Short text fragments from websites

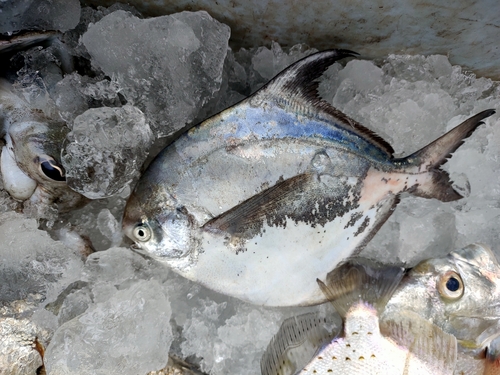 Chinese silver pomfret (Pampus chinensis) — Stromateidae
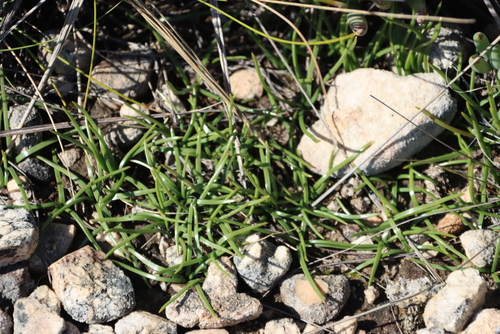 Drimia convallarioides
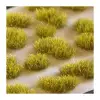 Photo of Gamer's Grass Moss (GG2-MO)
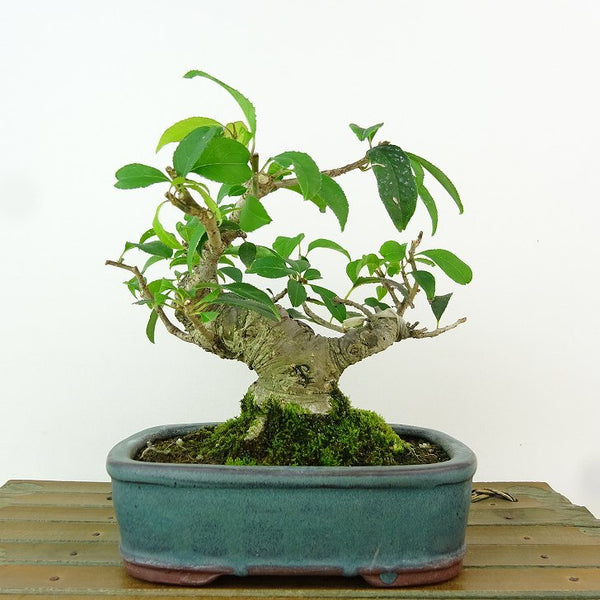 盆栽 梅擬 樹高 約13cm うめもどき Ilex serrata ウメモドキ モチノキ科 落葉樹 観賞用 小品 m1162547749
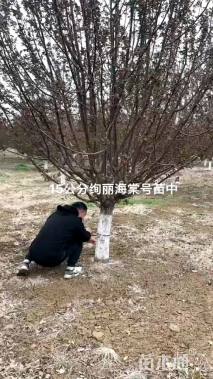 15公分绚丽海棠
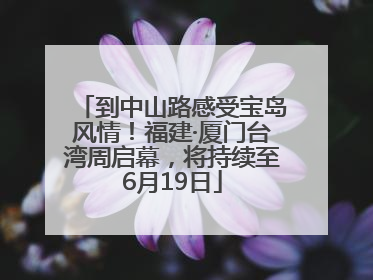 到中山路感受宝岛风情！福建·厦门台湾周启幕，将持续至6月19日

EXERCISE
Give back the entries verbatim. Do not include any picture.

OUTPUT FOR THIS TASK
 Chinese silver pomfret (Pampus chinensis) — Stromateidae
 Drimia convallarioides
 Photo of Gamer's Grass Moss (GG2-MO)
 盆栽 梅擬 樹高 約13cm うめもどき Ilex serrata ウメモドキ モチノキ科 落葉樹 観賞用 小品 m1162547749
 15公分绚丽海棠
 到中山路感受宝岛风情！福建·厦门台湾周启幕，将持续至6月19日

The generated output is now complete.